また、+に続けて日付時刻のフィールド文字を指定すると、指定した通りの日付時刻書式で表示
●ntpdate コマンド
手動でNTPサーバから正確な時刻を取得し、システムクロックに反映させるNTPクライアントとしてのツール。
ntpdate コマンド書式:
ntpdate [オプション] NTPサーバ名
●ntpdの各種設定は「/etc/ntp.conf」で行う。
「/etc/ntp.conf」の主な設定項目
・restrict ntpdへアクセス制限を行う
・server 時刻を取得するサーバを指定
・driftfile 自身の自国のずれを記録するファイルを指定
公開NTPサーバを利用する場合は、複数のNTPサーバ群で構成される「pool.ntp.org」プロジェクトに登録されている外部サーバ等を指定する。「pool.ntp.org」を利用すると、複数のNTPサーバから、負荷分散の技術の一つである「DNSラウンドロビン」を利用して時刻を取得する。例えば日本であれば「0.jp.pool.ntp.org」から「3.jp.pool.ntp.org」といったserverを指定することで、遅延の少ない、正確な時刻を入手できるようになる。
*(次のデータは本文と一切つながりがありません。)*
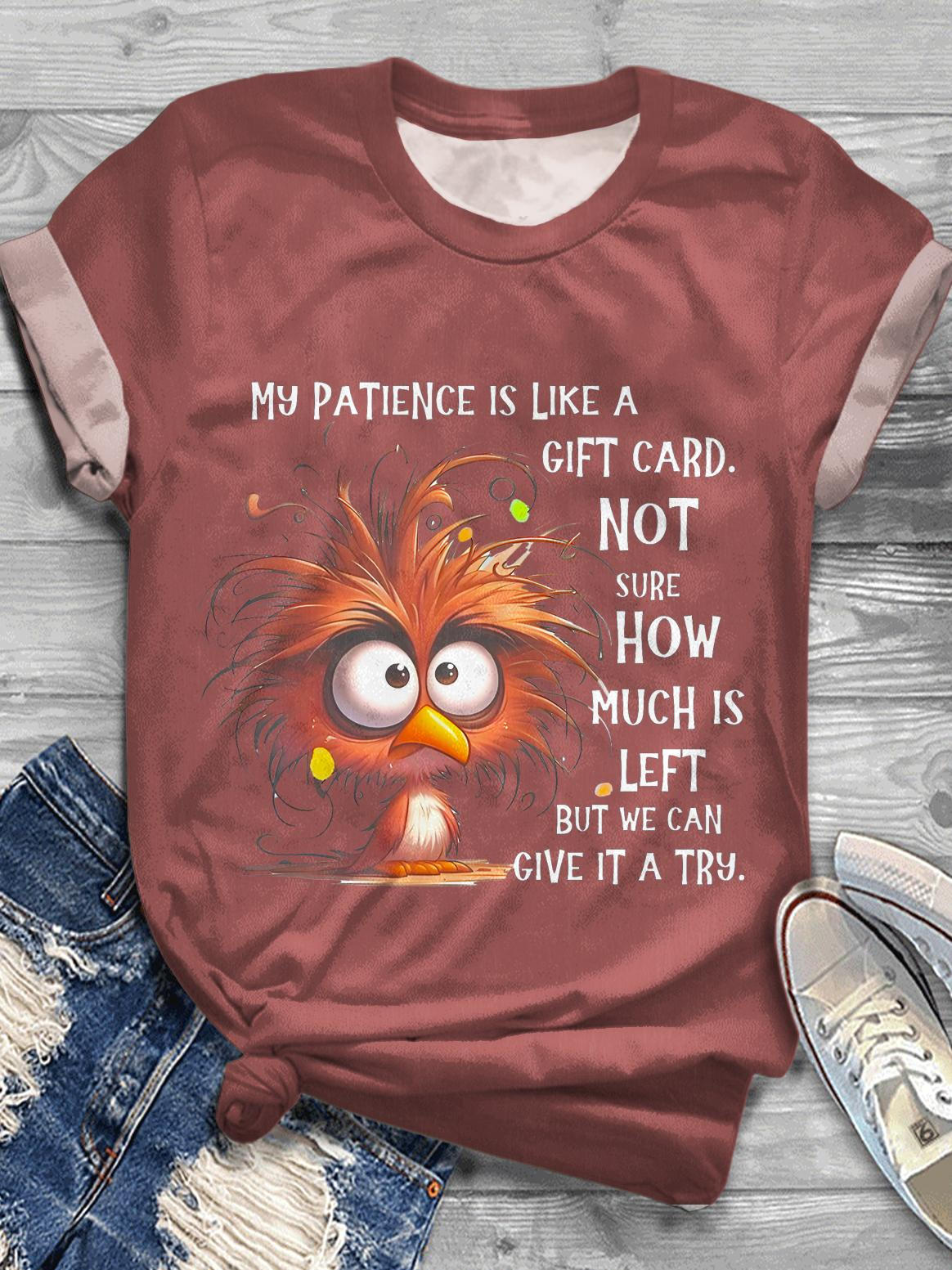 Fun Chicken Print Crew Neck T-shirt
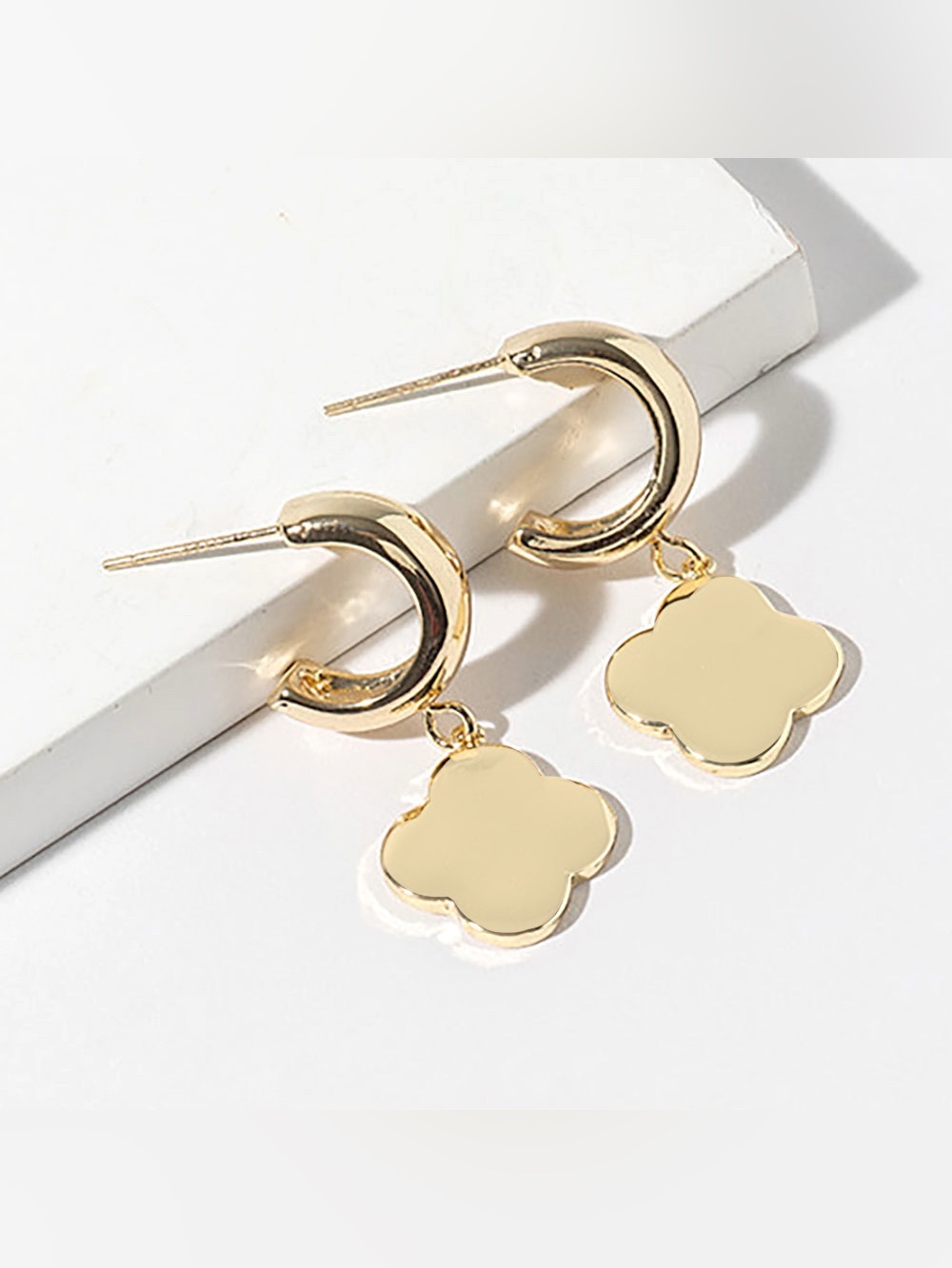 Gold Dipped Quatrefoil Charm Drop Dangle Mini Hoop Earrings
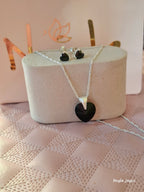 Set Collar y Aretes Plata 925 con Cristal Swarovski Negro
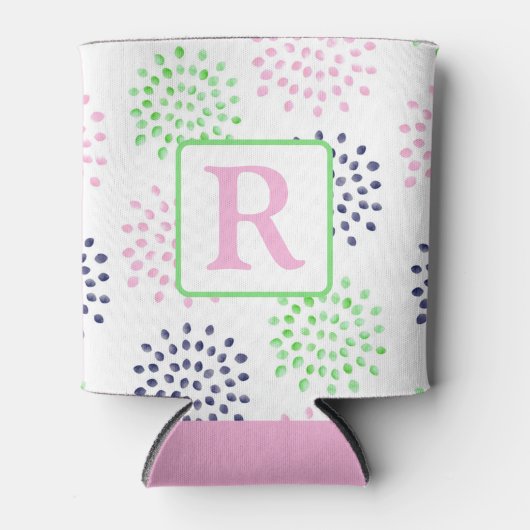 Mum Flower Pattern Waterverf Monogram Roze Marine Blikjeskoeler (Voorkant)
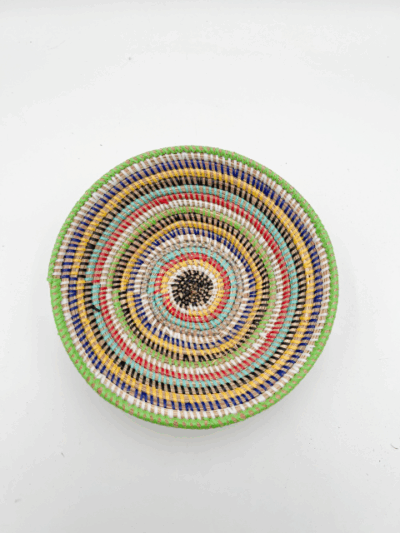 Handwoven African Tabletop Bowl 4x12 - White+Green+Dark Blue+Yellow+Black+Teal+Red Stripes - Image 2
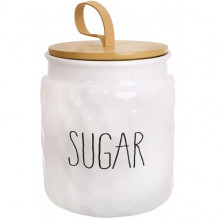 Банка керамічна Ceram-Bamboo "Sugar" 1л з бамбуковою кришкою (2739)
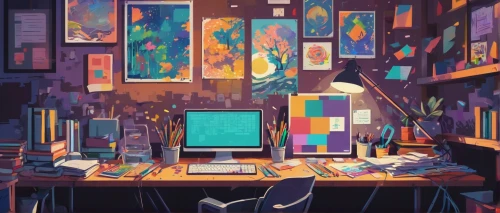 workspace,study room,computer room,working space,desk,work space,classroom,room,desk top,clutter,computer,workstation,offices,creative office,blue room,home office,consulting room,book store,playing room,laboratory,Illustration,Japanese style,Japanese Style 06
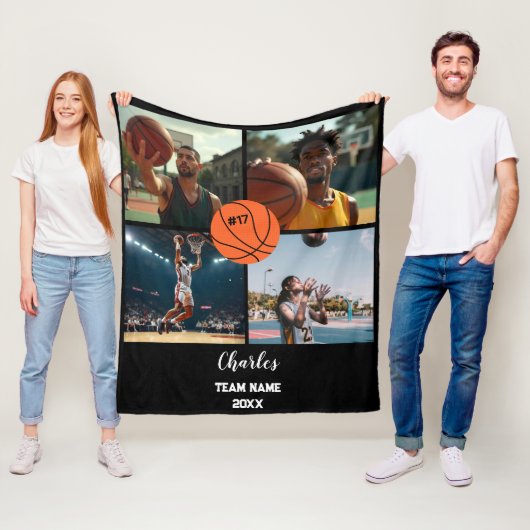 Aangepaste Basketbal Fotocollage met Naam & Jaar Fleece Deken (In situ)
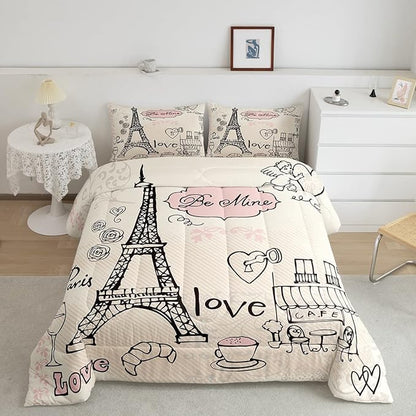 Feelyou Eiffel Tower Comforter Set Paris Tower Comforter for Girls Romantic Rose Chic Paris Bedding Set Paris Cityscape Printed Heart Love Duvet Set Room Decor Quilt King Boys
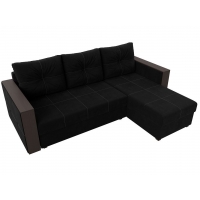 Угловой диван Валенсия Лайт (микровельвет чёрный) - Изображение 2
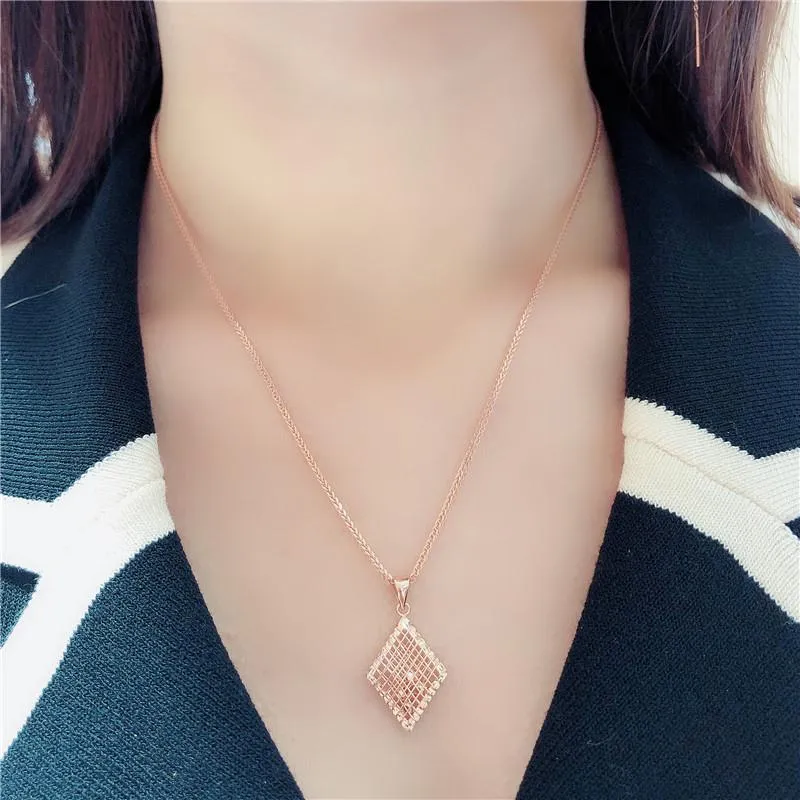 585 purple gold plated 14K rose rhombus type hollow ball pendant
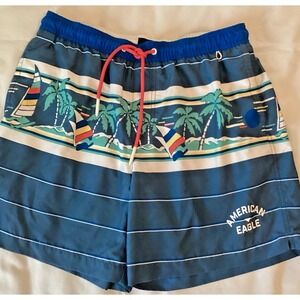 American Eagle Mens Medium Swim Trunks Blue‎ Tropical Board Shorts Y2K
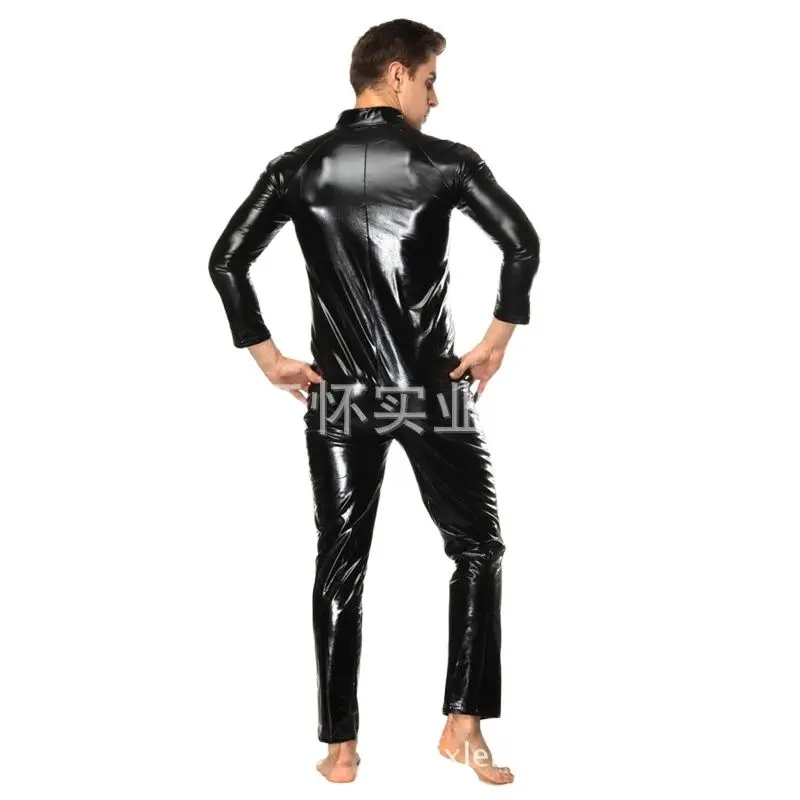 S-4XL Wet Look Catsuit Long Sleeve Close Zipper Open Crotch Bodysuit Sexy Tights Jumpsuit Mens Hot Shapers Leotard Body Clubwear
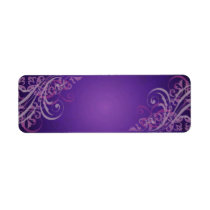 Elegant Pink Scroll Purple Blank Address Label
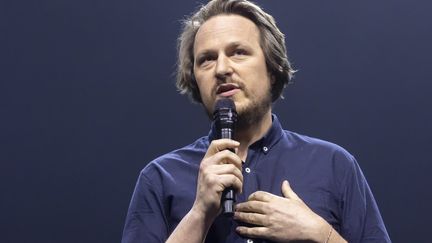 Journalist Geoffroy Lejeune during a debate organized by the far-right magazine "Current values", on April 13, 2023, in Paris.  (VINCENT ISORE / MAXPPP)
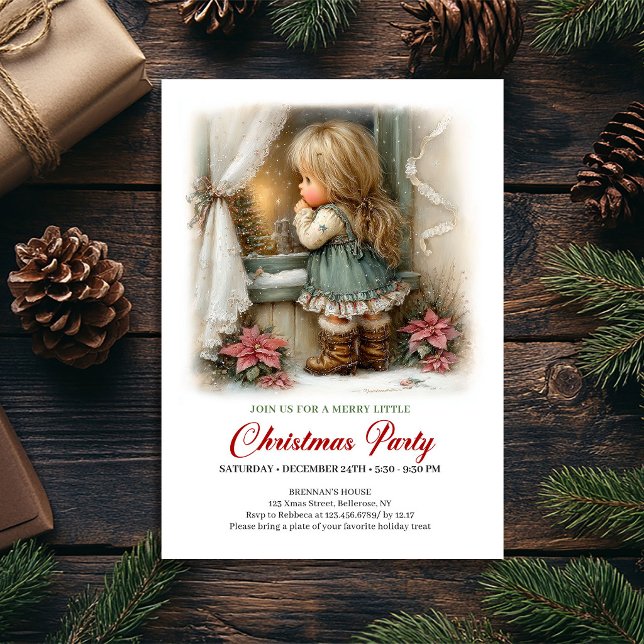 Invitation Joie des Fêtes Fille Mignonne Scène d'H (Holiday Cheer Invitation Cute Girl Winter Scene Art)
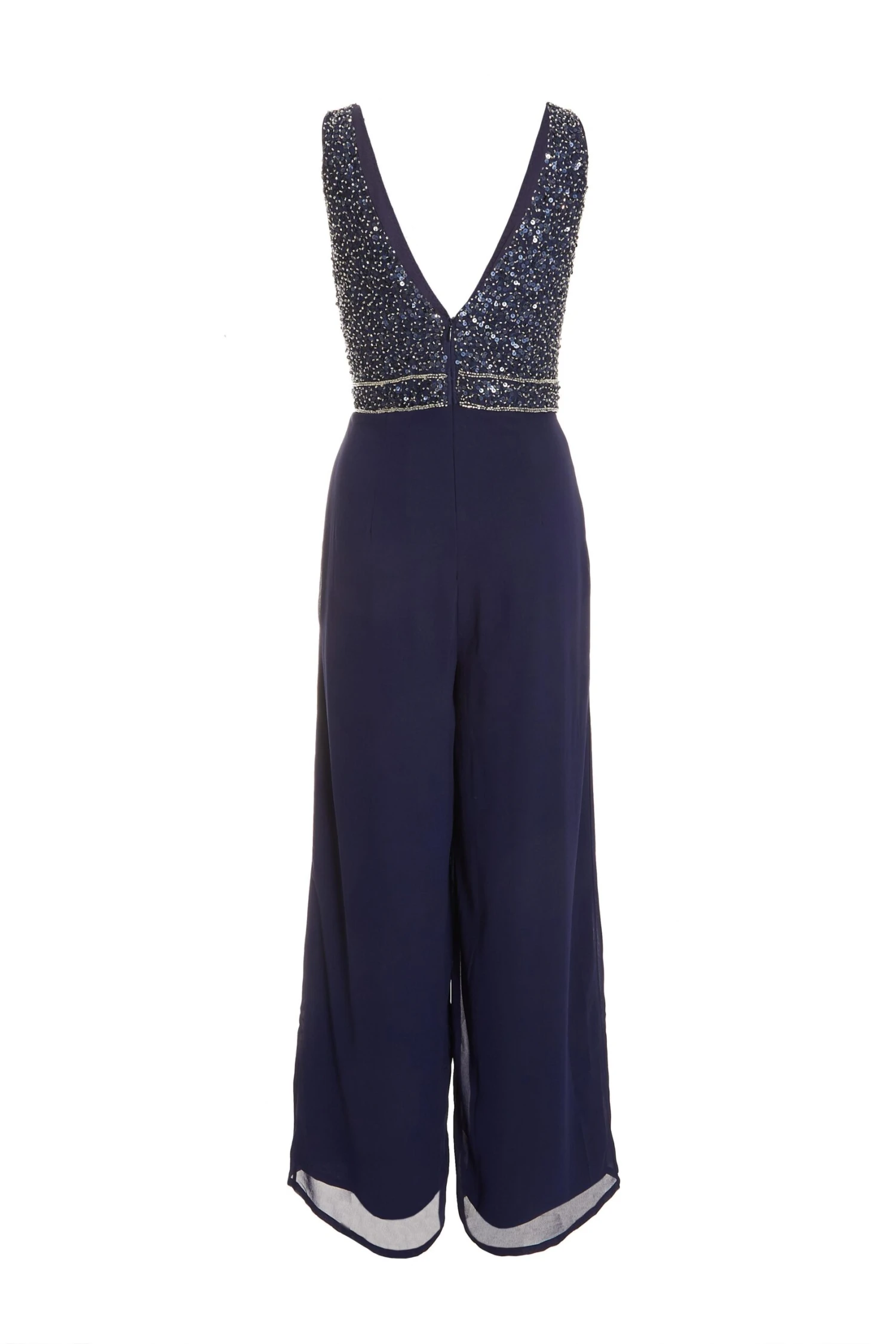 Petite Navy Sequin Wrap Palazzo Jumpsuit 5 Petite Navy Sequin Wrap Palazzo Jumpsuit - Image 5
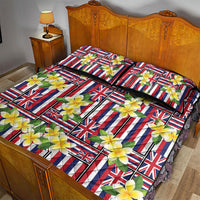 Hawaii Plumeria Lei Quilt Bed Set Hawaiian Flag Motif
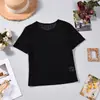 12042 Nuevo Producto Transfronterizo Europeo y Americano Ajuste Delgado Malla de Alta Elasticidad Terciopelo Sexy Corto de Manga Corta Camiseta Ropa de Mujer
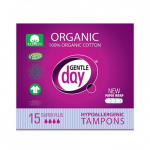 Gentle Day Super Plus Organic Tampons Orgaanilised puuvillased tampoonid, 15 tk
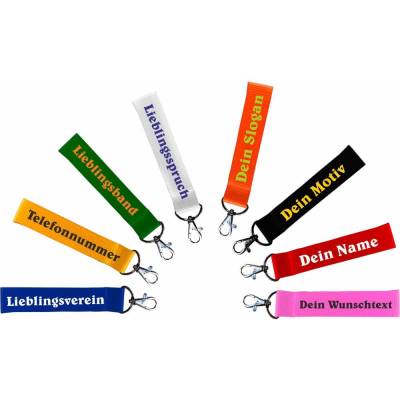 kurzes Schüsselband 25 mm personalisiert mit Wunschtext, individuell bedruckt mit Text, Logo, Foto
●ntpd の時刻同期状況は ntpq コマンドで確認できる。
ntpq コマンドの書式:
ntpq オプション 接続先サーバ
・-p serverに指定したサーバとの同期状態を一覧表示する。対話モード状態のpeersコマンドと同じ。
・-i 対話モードで起動する(デフォルト)
●Chrony(クローニー)
ntpdに代わるNTPサーバ/クライアント。Chronyのデーモンはchronyd、chronydのコマンドラインツールはchronycコマンド。
chronydはntpdに比べて、通信が不安定な状態でも良好に動作、高い精度で時刻を同期できる。必要な時だけCPUを使用し、メモリ使用量も少なく、CentOS7以降では標準システムとなっている。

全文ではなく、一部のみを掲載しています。